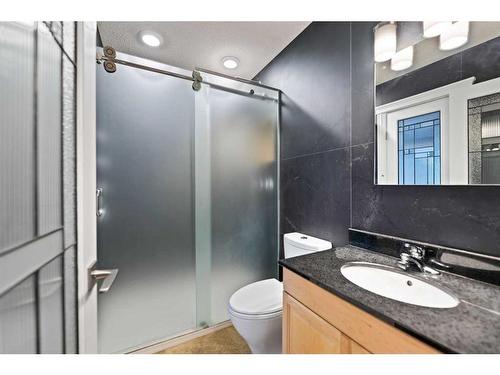 360 Templeside Circle Ne, Calgary, AB - Indoor Photo Showing Bathroom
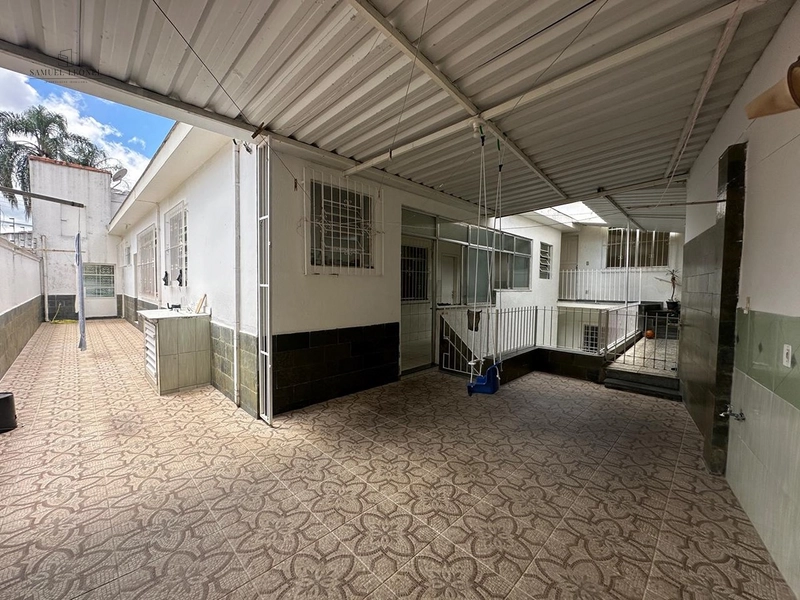 Casa linear com piscina de 4 quartos sendo dois suítes com três vagas para venda no Bairu por 950.000,00: 27ª foto da galeria de imagens do imóvel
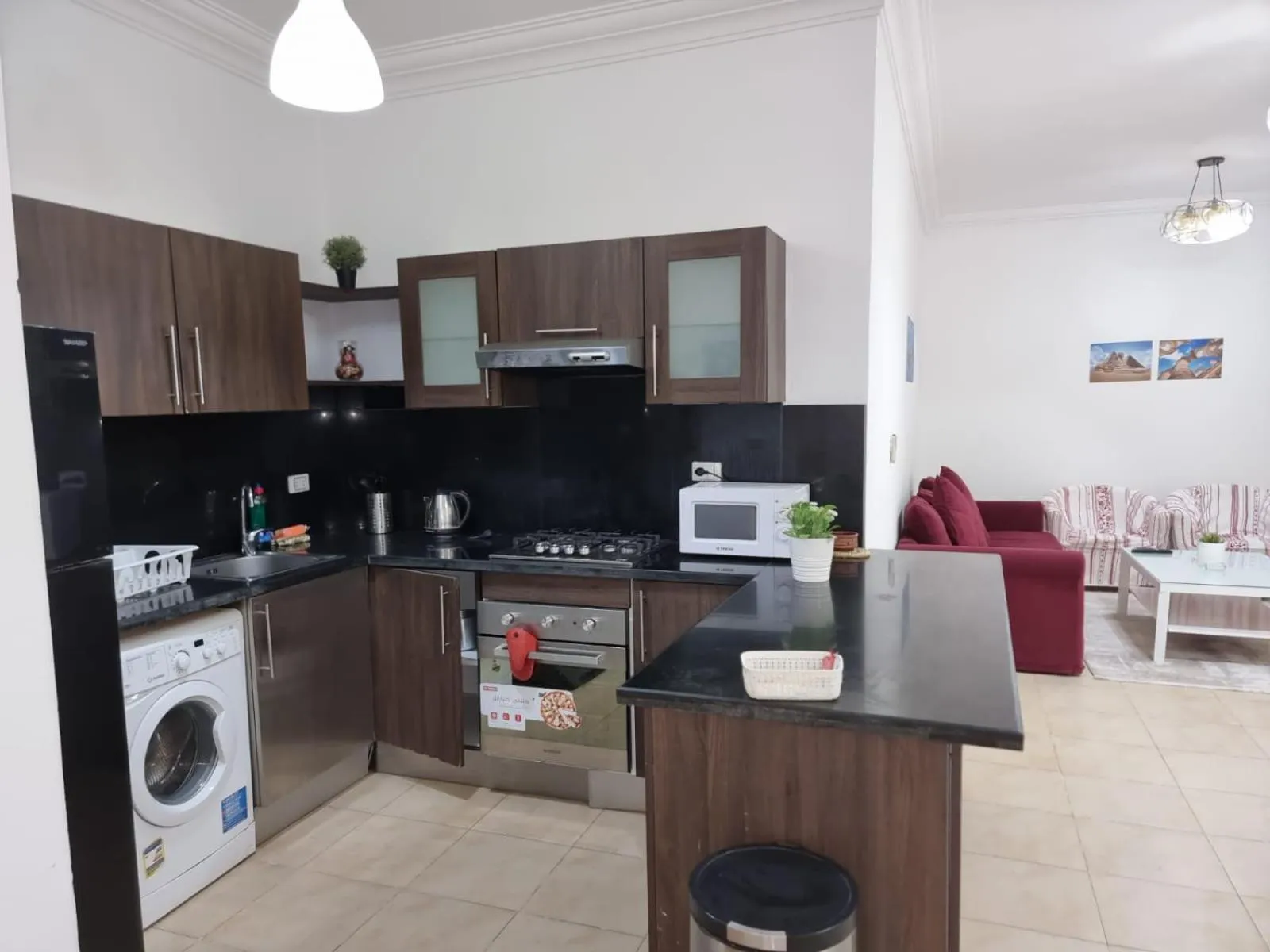 Kitchen or kitchenette in Lilly Apartments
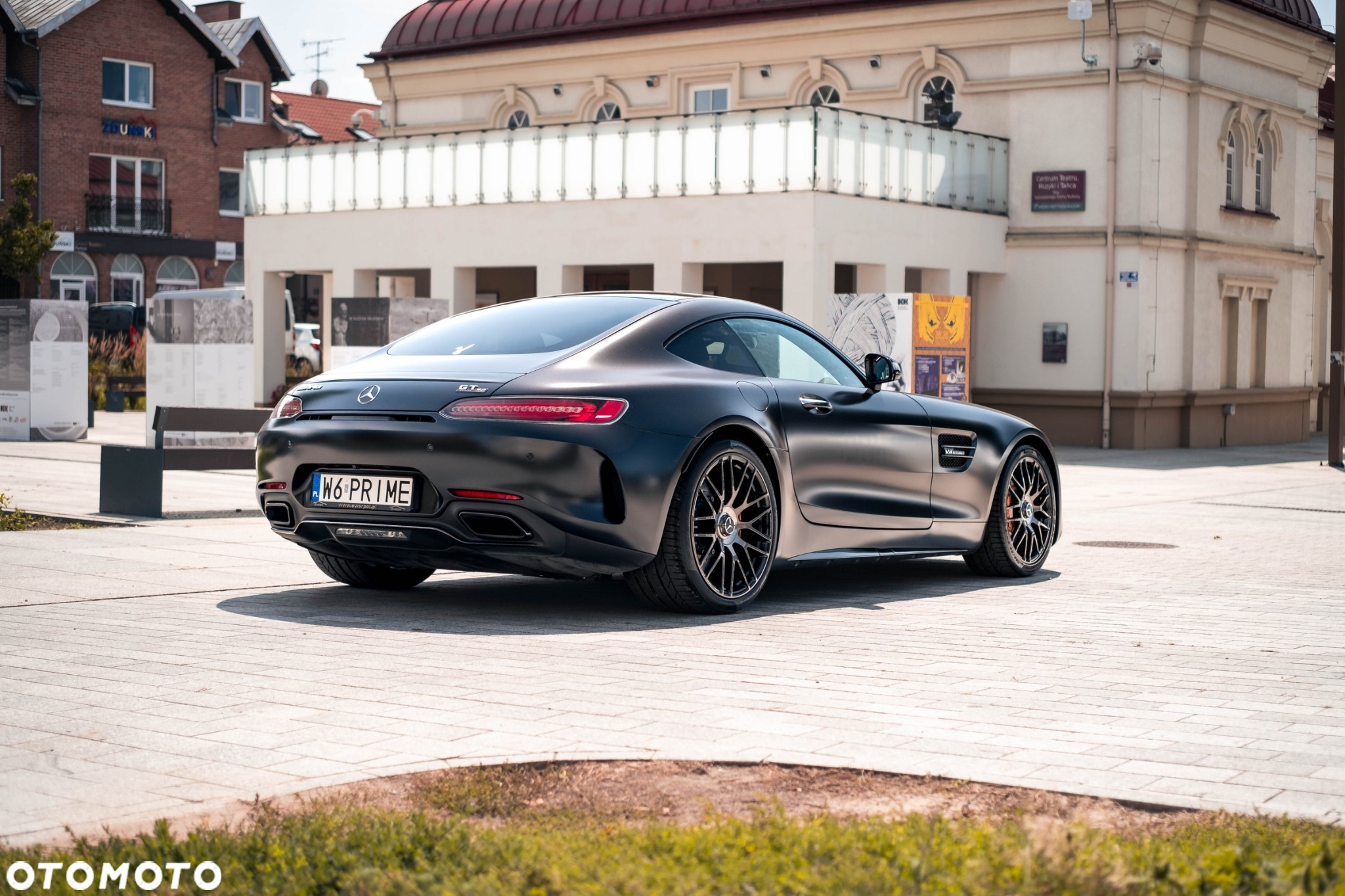 Mercedes-Benz AMG GT C - 12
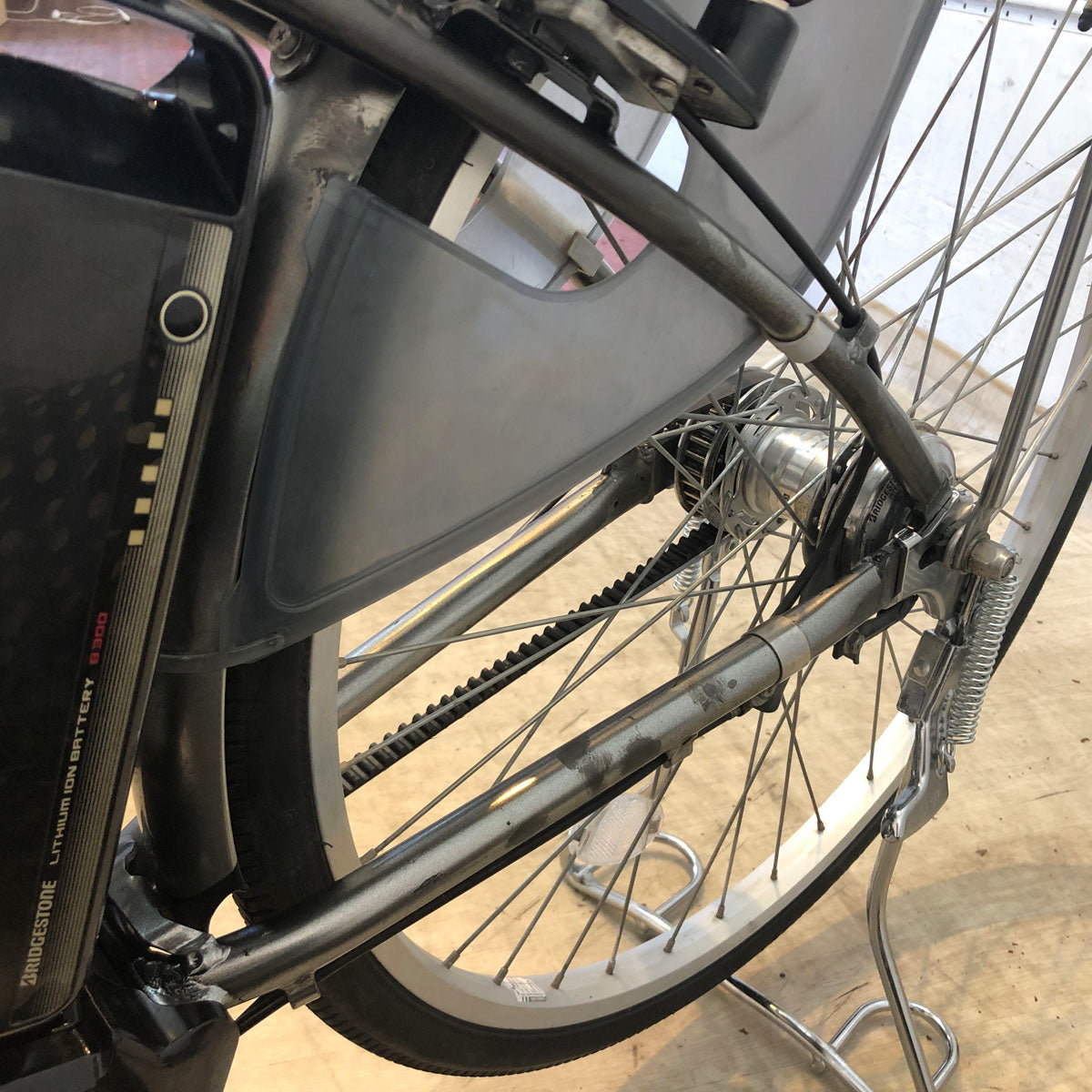 ブリヂストン フロンティア シルバー 26インチ YW004 【中古車】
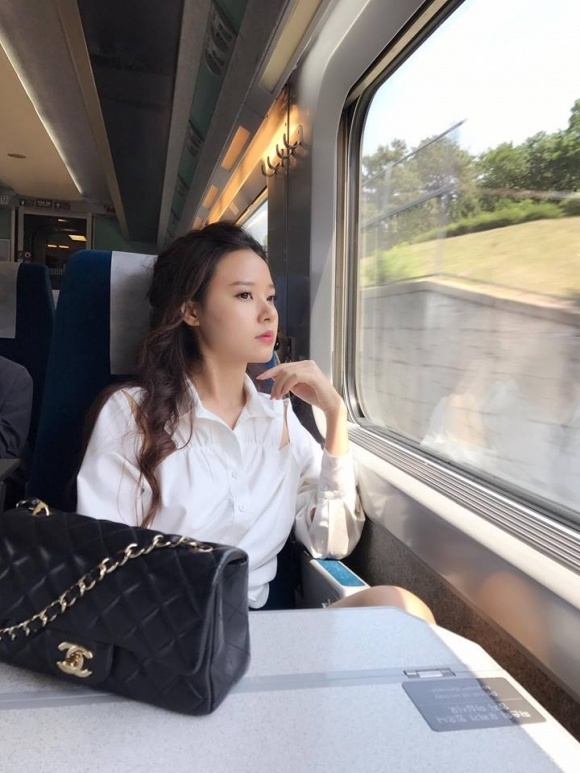 Midu và loạt bất động sản trị giá hàng chục tỷ đồng ở tuổi 30 Midu va loat bat dong san tri gia hang chuc ty dong o tuoi 30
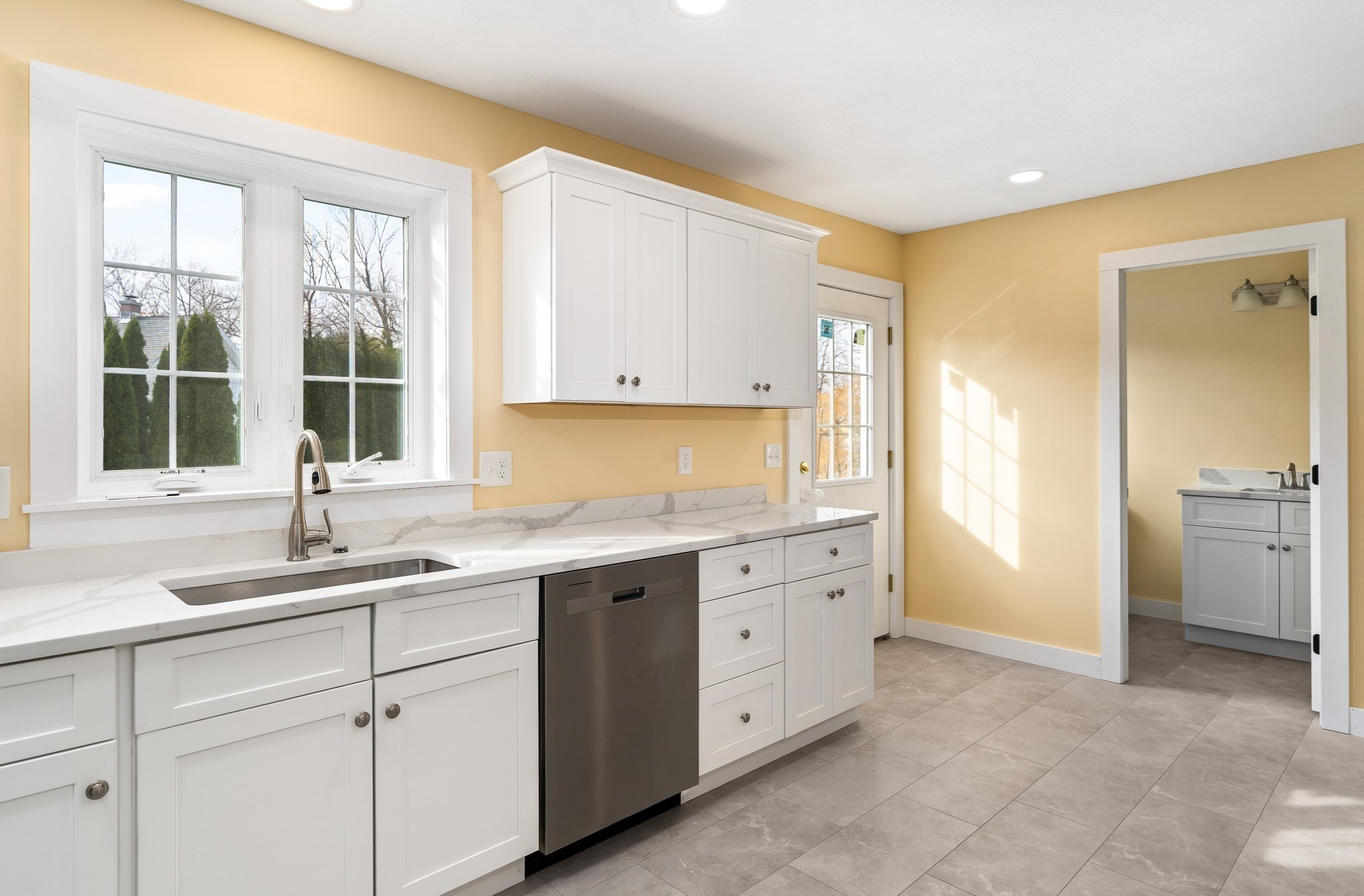 12 Glen Clove Pl Unit B, Easthampton, MA 01027 - Image 16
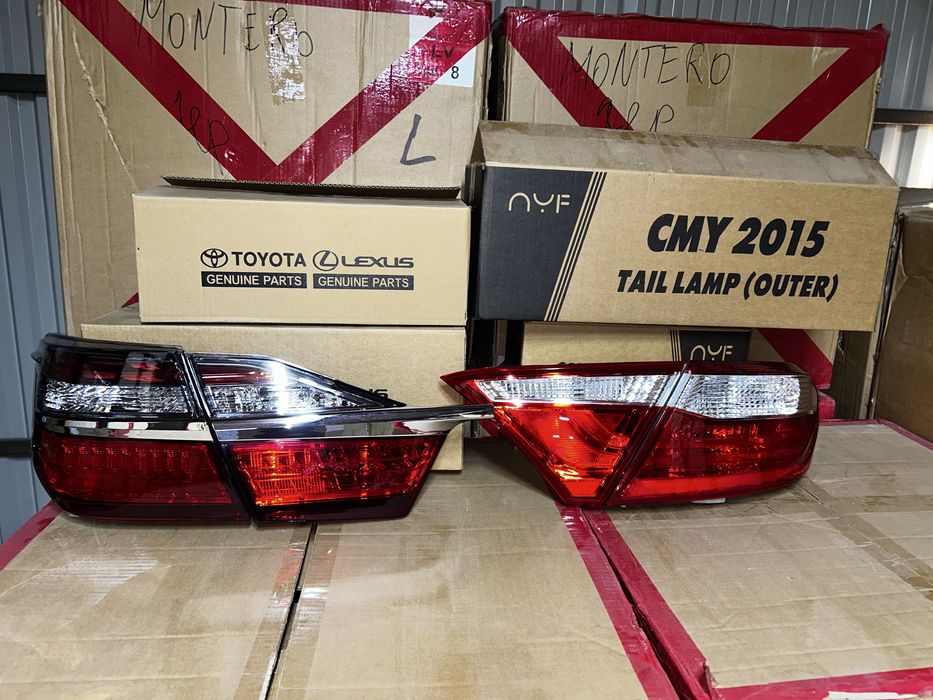 Toyota Camry 55/Камри 55 задний фонарь NYF.  TOYOTA/LEXUS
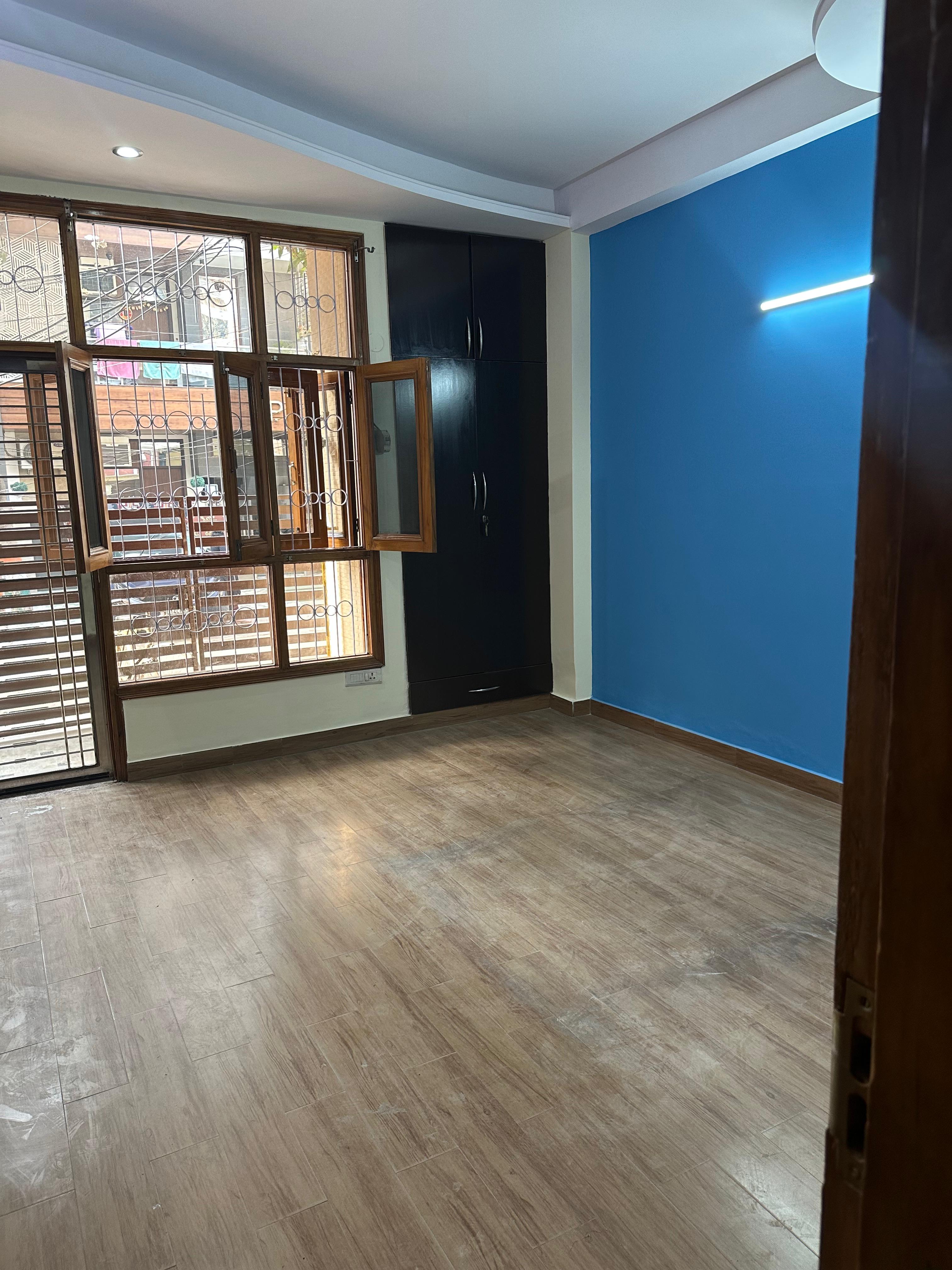 2 BHK + Pooja Room Apartment For Sale in Gaur Valerio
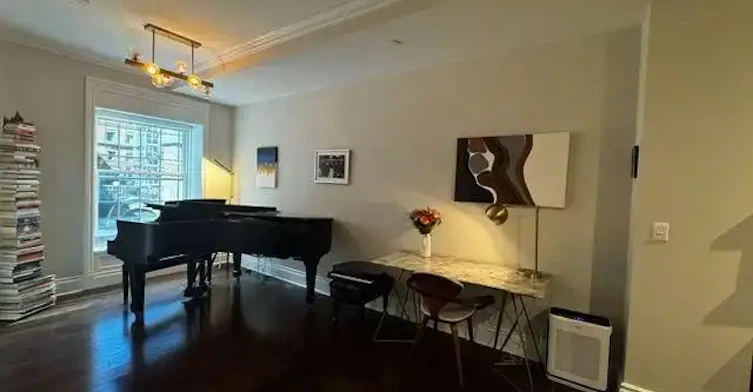 22 Leader Lane, Toronto, ON, M5E 0B2 - 4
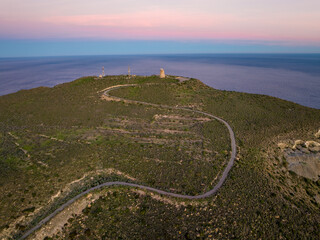 Faro Punta de la Polacra situado en Níjar, provincia de Almería, Andalucía, España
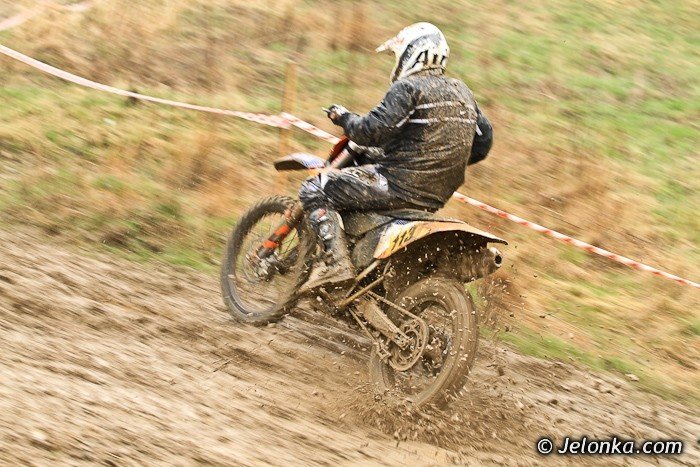 deszcz-i-boto-podczas-xxv-pikniku-cross-country-foto-39655
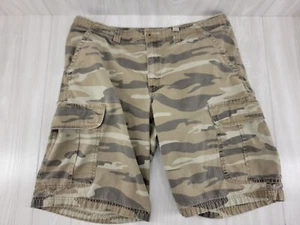 DKNY Active Shorts Men's 36 Green Camo Canvas Cargo Pocket 100% Cotton - Picture 1 of 5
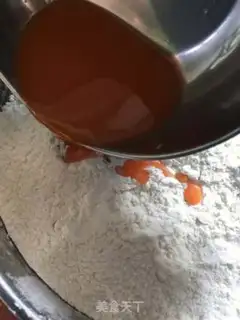 Make Double-coloured buns step 1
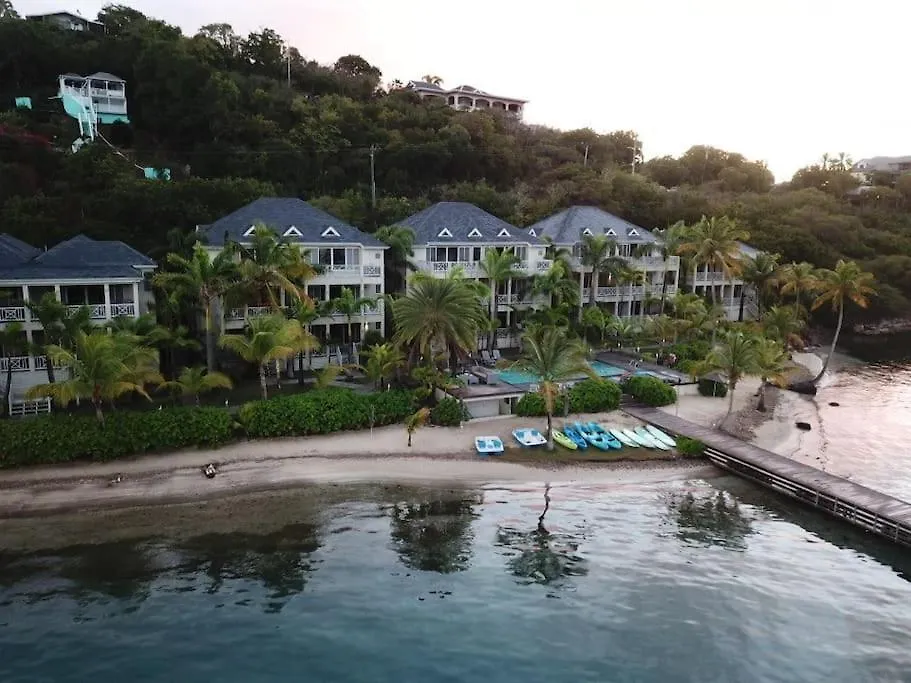 Daire Stunning Waterfront Suite, Antigua English Harbour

★ ★ ★

**Work item:** Leave out all pictures and retype precisely the lines that run from the line containing "Midu và loạt" to the last line of the records.

**Output of the exercise:**
 Midu và loạt bất động sản trị giá hàng chục tỷ đồng ở tuổi 30 Midu va loat bat dong san tri gia hang chuc ty dong o tuoi 30
 12 Glen Clove Pl Unit B, Easthampton, MA 01027 - Image 16
 Toyota Camry 55/Камри 55 задний фонарь NYF.  TOYOTA/LEXUS
 2 BHK + Pooja Room Apartment For Sale in Gaur Valerio
 22 Leader Lane, Toronto, ON, M5E 0B2 - 4
 Faro Punta de la Polacra situado en Níjar, provincia de Almería, Andalucía, España
 deszcz-i-boto-podczas-xxv-pikniku-cross-country-foto-39655
 DKNY Active Shorts Men's 36 Green Camo Canvas Cargo Pocket 100% Cotton - Picture 1 of 5
 Make Double-coloured buns step 1
 Daire Stunning Waterfront Suite, Antigua English Harbour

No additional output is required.